Records contained in a dataset
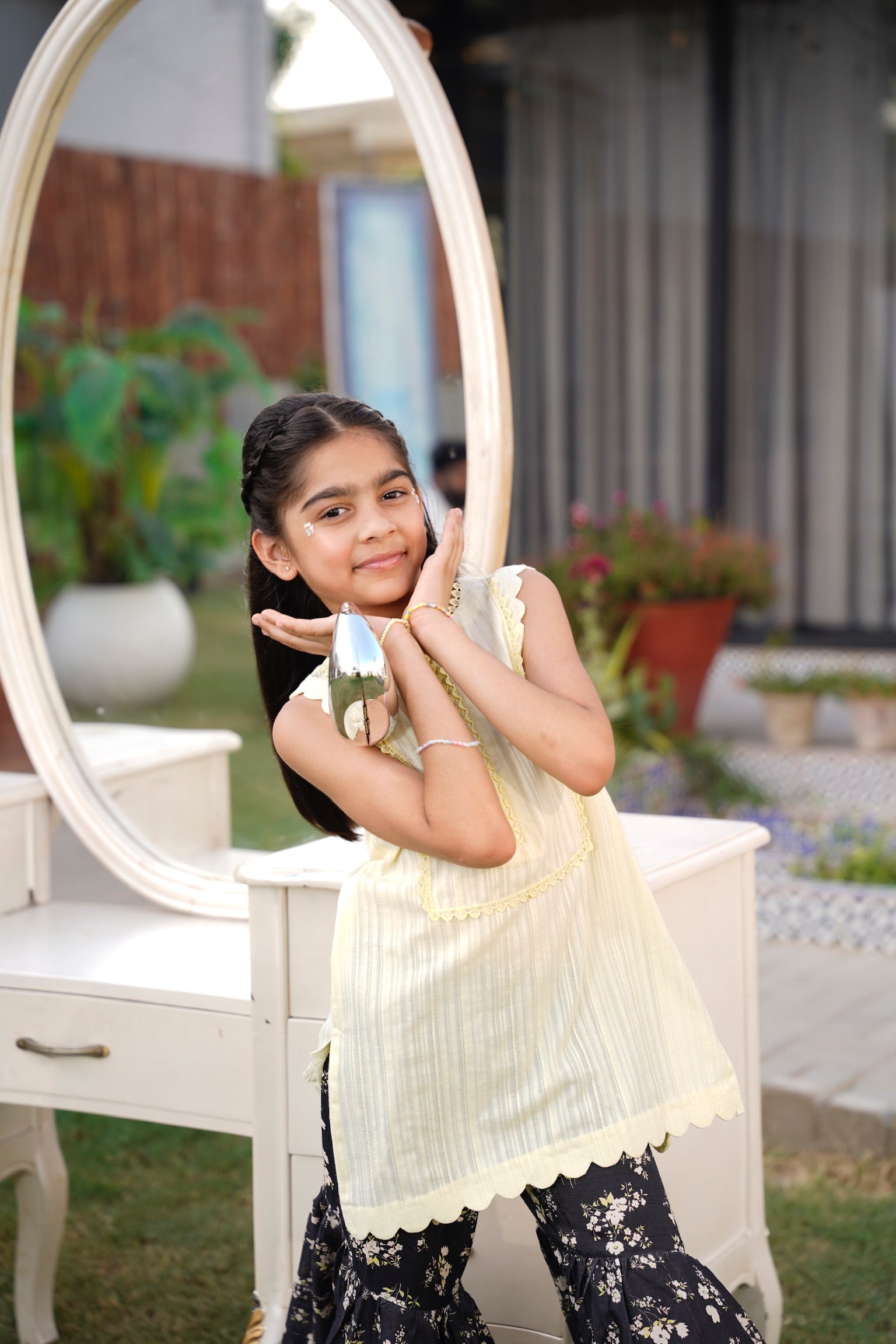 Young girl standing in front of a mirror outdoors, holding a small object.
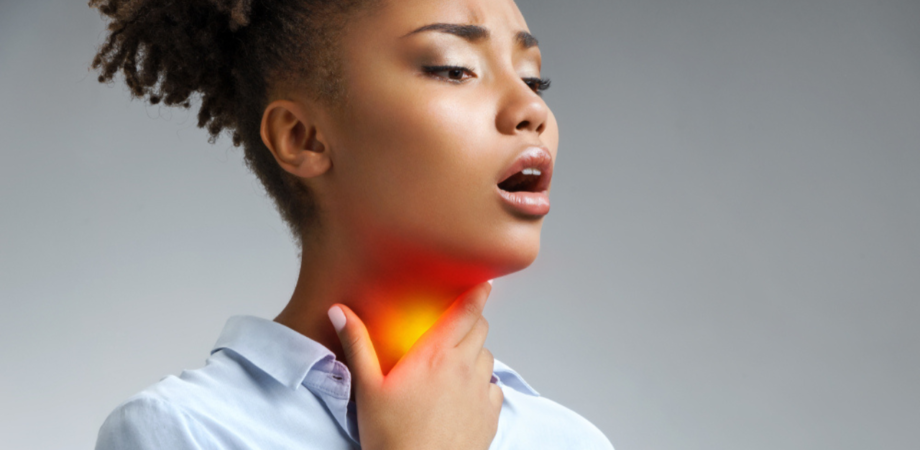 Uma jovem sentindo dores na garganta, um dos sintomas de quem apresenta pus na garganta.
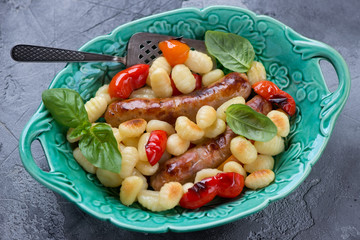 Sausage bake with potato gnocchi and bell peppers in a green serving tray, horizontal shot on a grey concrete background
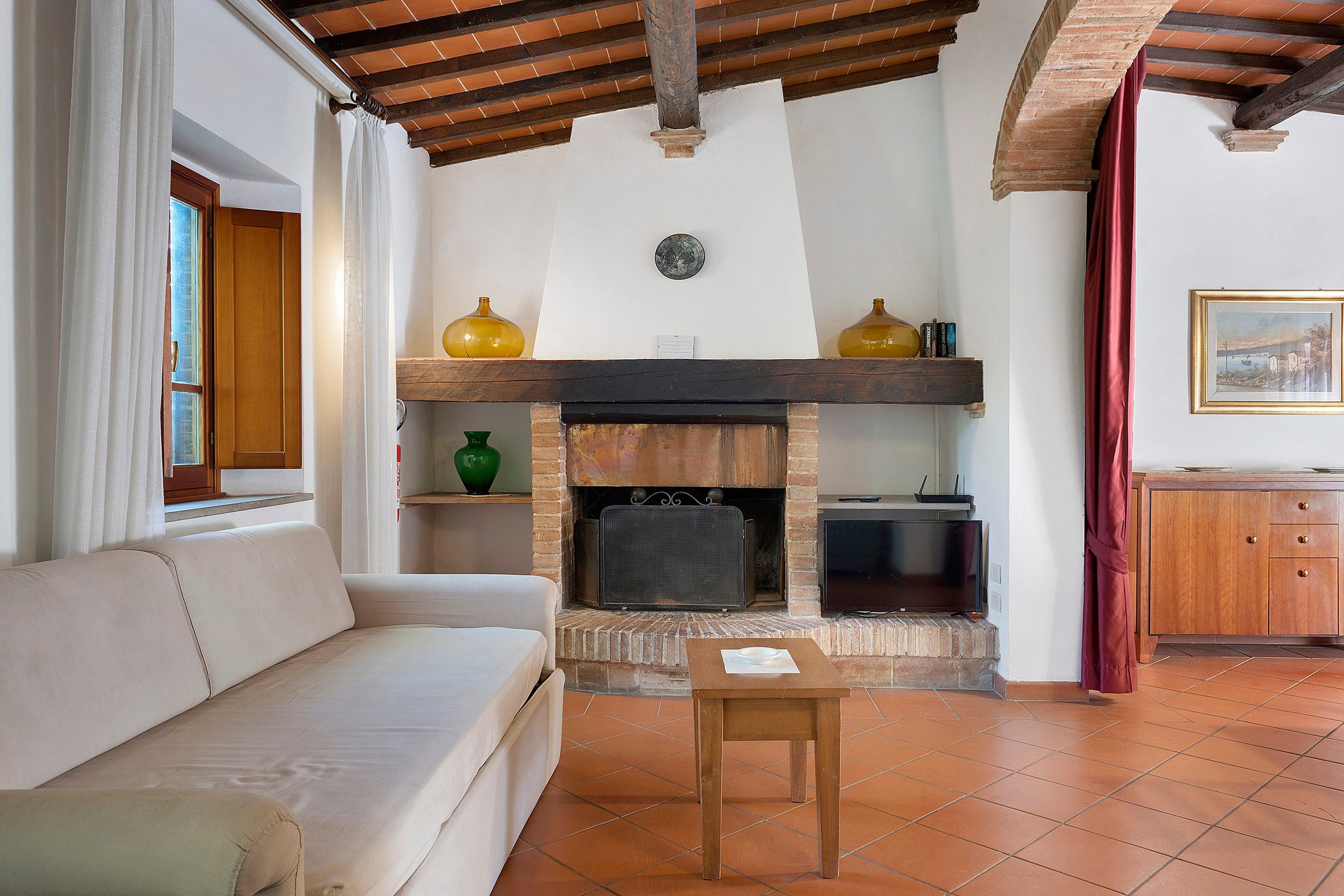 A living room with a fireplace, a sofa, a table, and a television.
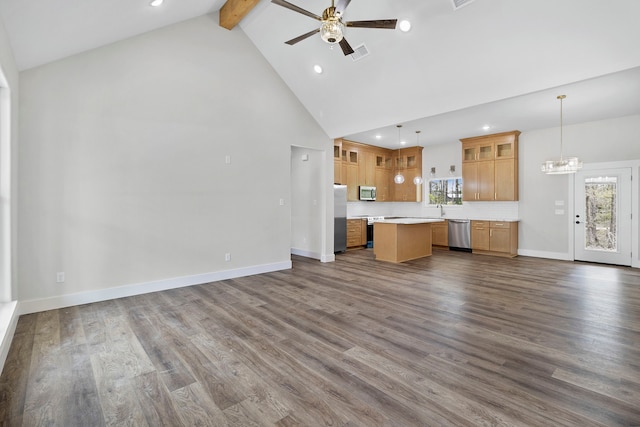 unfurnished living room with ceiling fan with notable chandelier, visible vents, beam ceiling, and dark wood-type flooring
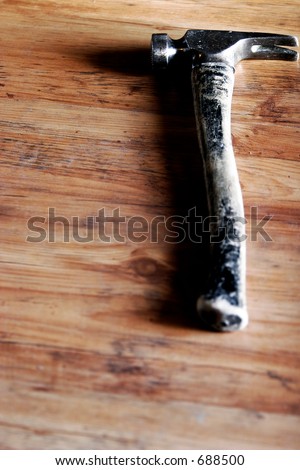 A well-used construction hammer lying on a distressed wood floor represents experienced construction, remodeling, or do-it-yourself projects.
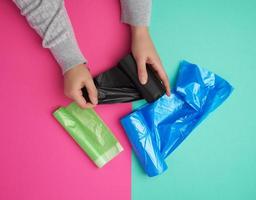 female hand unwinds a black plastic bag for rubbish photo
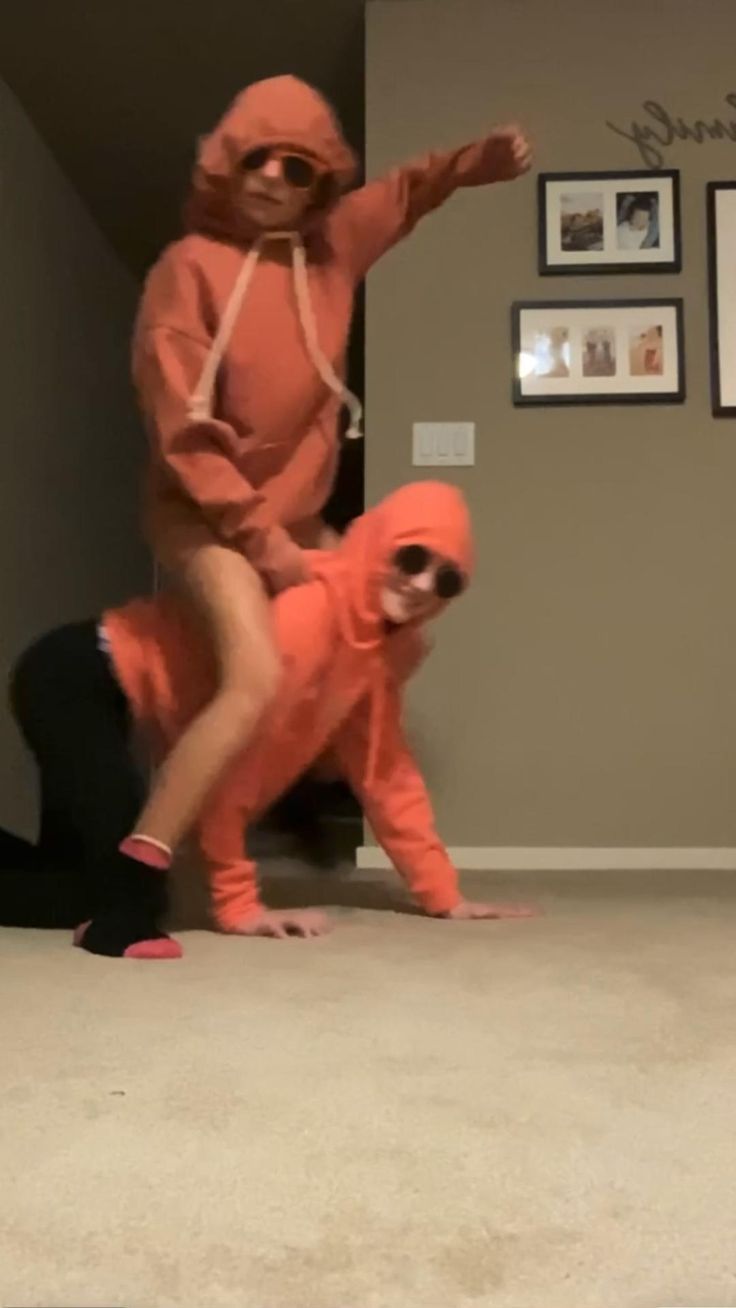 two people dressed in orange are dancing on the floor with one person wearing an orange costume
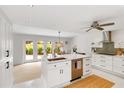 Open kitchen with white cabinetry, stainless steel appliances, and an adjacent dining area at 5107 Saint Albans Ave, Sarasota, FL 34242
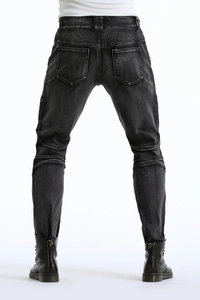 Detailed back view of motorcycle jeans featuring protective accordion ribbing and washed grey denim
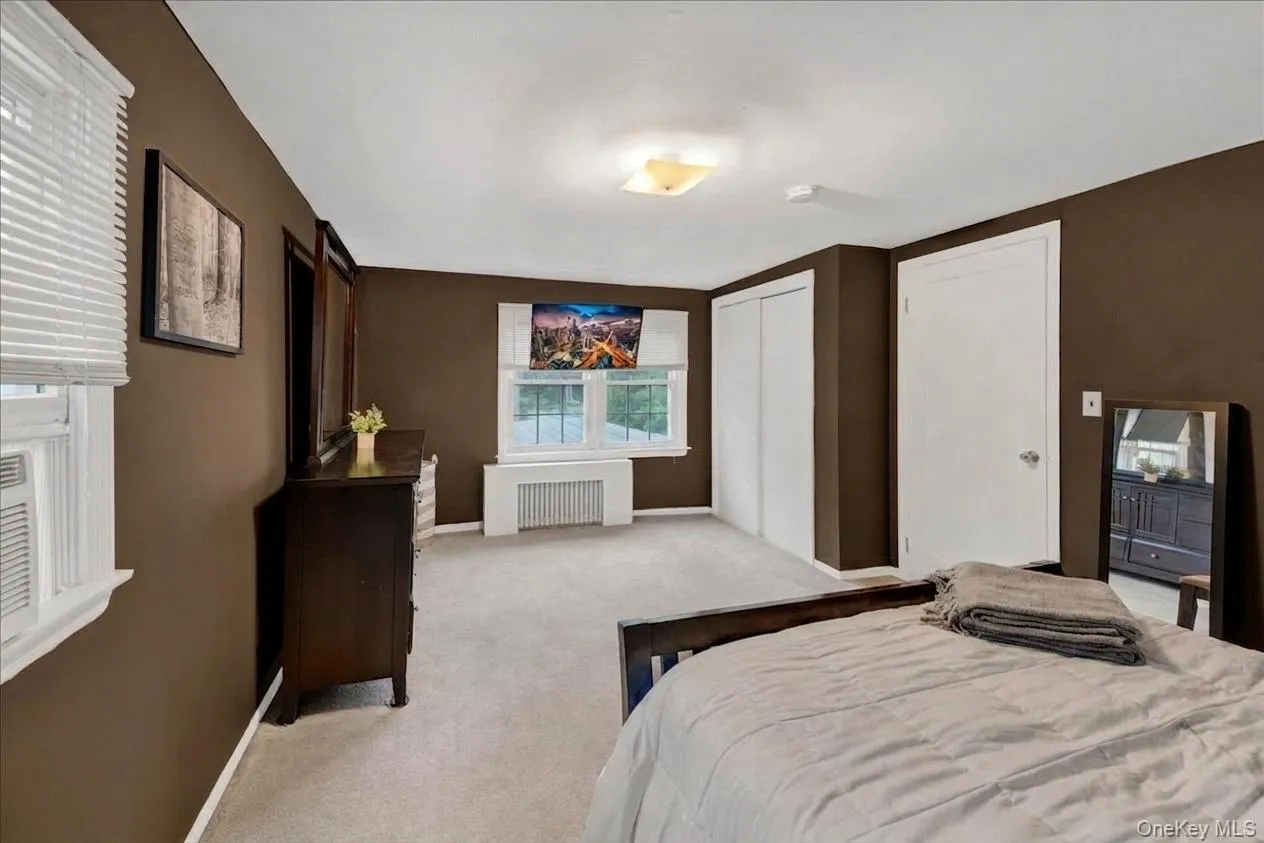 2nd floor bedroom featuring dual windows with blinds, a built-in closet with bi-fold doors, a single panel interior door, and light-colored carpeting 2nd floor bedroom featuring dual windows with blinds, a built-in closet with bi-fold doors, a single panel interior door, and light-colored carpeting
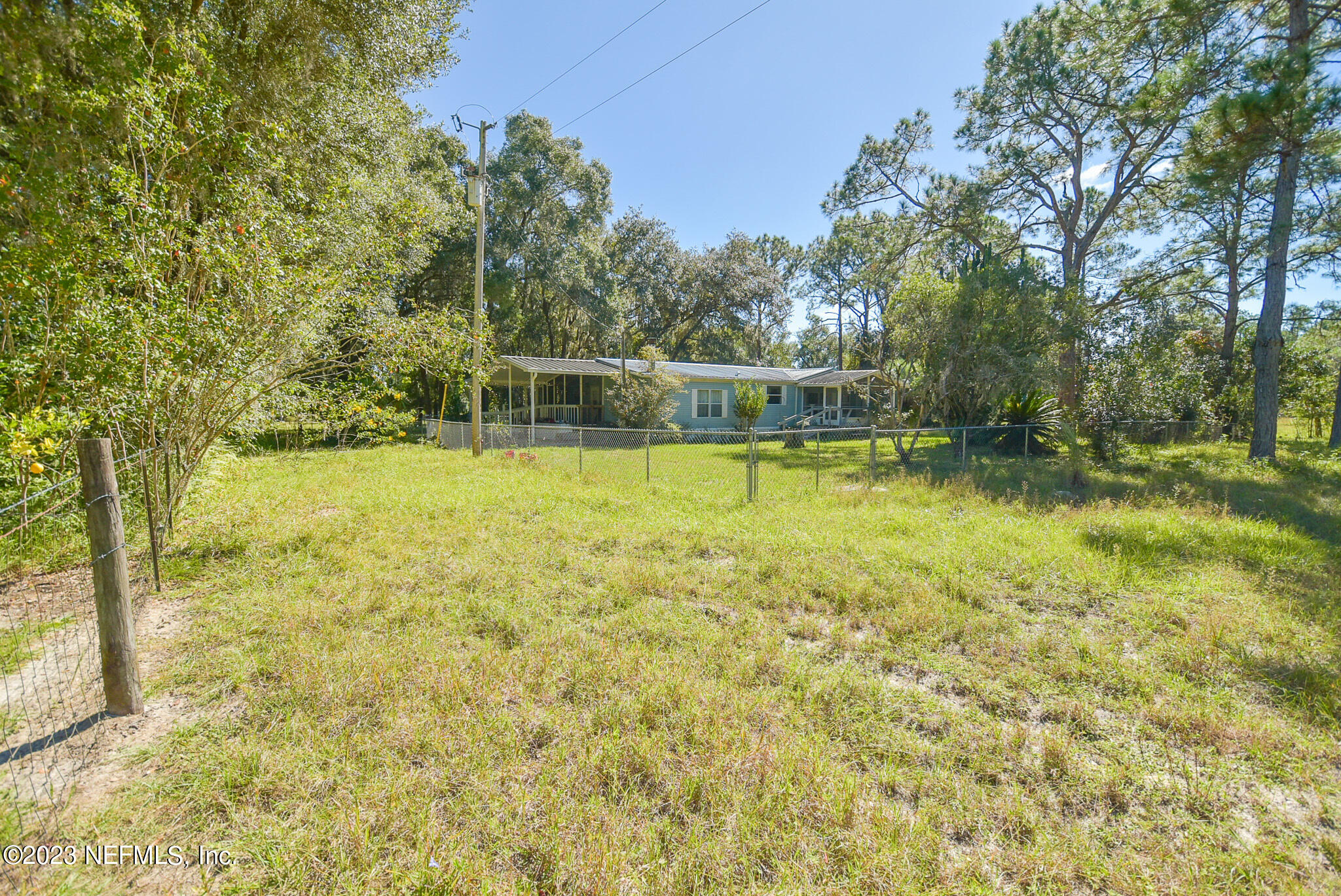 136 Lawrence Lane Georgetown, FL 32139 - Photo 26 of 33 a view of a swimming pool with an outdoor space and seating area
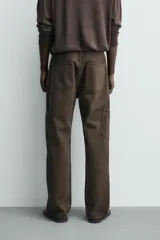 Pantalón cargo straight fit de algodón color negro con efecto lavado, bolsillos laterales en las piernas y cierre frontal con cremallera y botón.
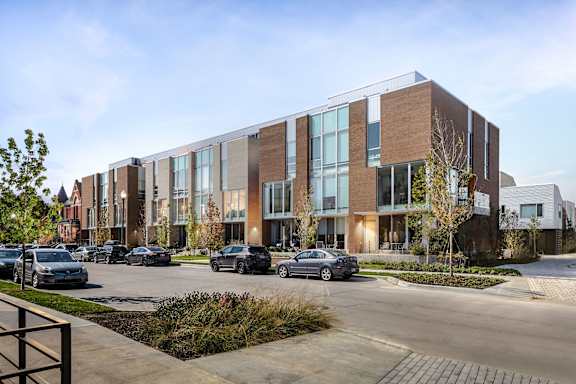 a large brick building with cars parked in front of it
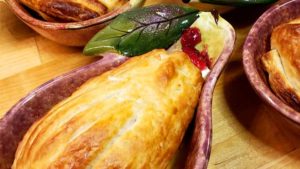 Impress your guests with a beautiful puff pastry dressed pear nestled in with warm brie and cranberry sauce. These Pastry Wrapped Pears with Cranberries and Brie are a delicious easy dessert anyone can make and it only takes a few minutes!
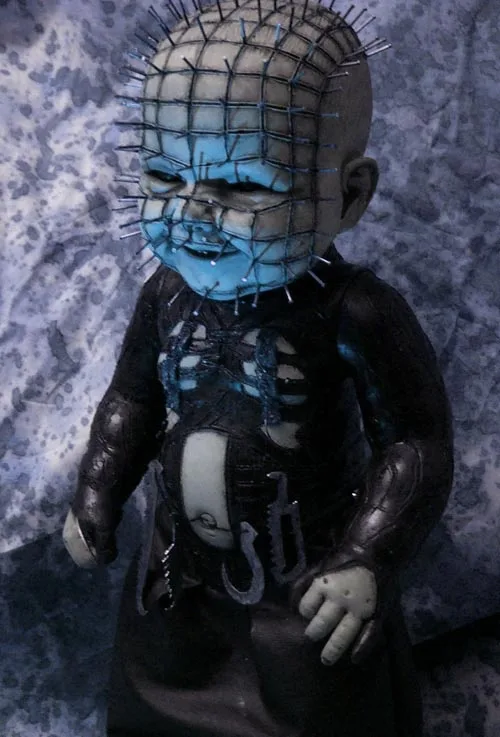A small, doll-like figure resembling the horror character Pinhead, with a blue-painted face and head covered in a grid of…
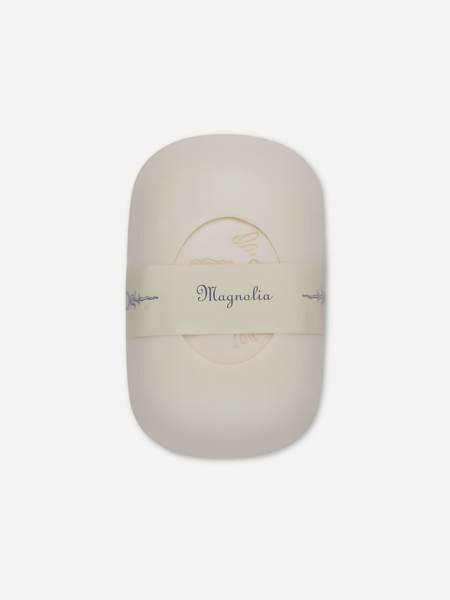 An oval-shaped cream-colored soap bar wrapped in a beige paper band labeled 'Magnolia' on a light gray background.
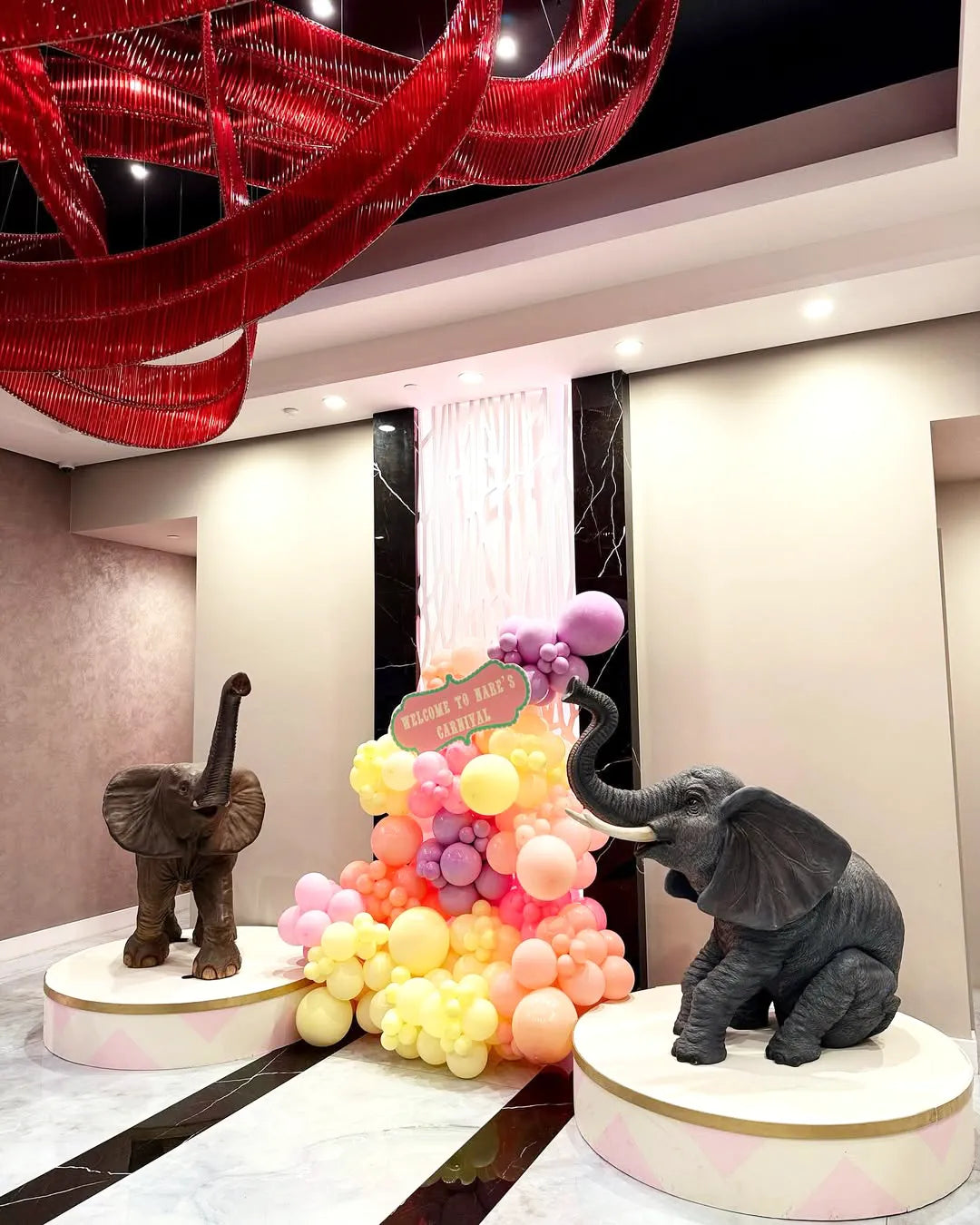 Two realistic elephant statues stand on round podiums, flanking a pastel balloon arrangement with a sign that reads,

**PROBLEM TO SOLVE:**
Print an exact copy of the lines above, from the one containing "two people dressed" through the one containing "Detailed back view", and leave out the pictures.

**WORKED SOLUTION:**
 two people dressed in orange are dancing on the floor with one person wearing an orange costume
 Open kitchen with white cabinetry, stainless steel appliances, and an adjacent dining area at 5107 Saint Albans Ave, Sarasota, FL 34242
 Detailed back view of motorcycle jeans featuring protective accordion ribbing and washed grey denim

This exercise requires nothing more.